Estimate the variance of a population given only the means of independent subpopulations

62 Views Asked by At

Given a set of independent samples $x_{i,j}$ where $i$ ranges from 1 to $m$ and $j$ ranges from 1 to $n$, it is easy to estimate the variance of the underlying distribution using a formula like \begin{equation} \text{Var}(x) = \sum_{i,j} x_{i,j}^2 - (\sum_{i,j} x_{i,j})^2. \end{equation} Unfortunately, I need to estimate this variance without directly measuring the $x_{i,j}$. Instead, I only have access to the set of "sub-population means" \begin{equation} y_i = \frac1n\sum_{j=1}^nx_{i,j}. \end{equation} It's easy to see that $\text{Var}(y)$ is an underestimate of $\text{Var}(x)$ using arguments based on the law of large numbers or jensen's inquality.
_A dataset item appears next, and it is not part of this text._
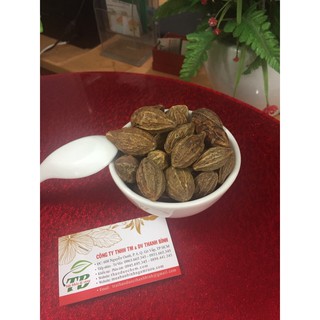 QUẢ KHA TỬ 500g [Hàng Công Ty Loại 1]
So how can I get an unbiased estimate the variance of the $x$s given only the $y$s?

1

There are 1 best solutions below

3
On

We can easily compute the variance of $y$ as $$\operatorname{Var}(y_i) = \operatorname{Var}(\frac{1}{n}\sum_{j=1}^n x_{ij}) = \frac{1}{n^2} \sum_{j=1}^n\operatorname{Var}(x_{ij})= \frac{1}{n}\operatorname{Var}(x_{ij}).$$ Thus if $\hat{y}$ is any unbiased estimator of $\operatorname{Var}(y)$, then $n\cdot \hat{y}$ is an unbiased estimator of $\operatorname{Var}(x)$.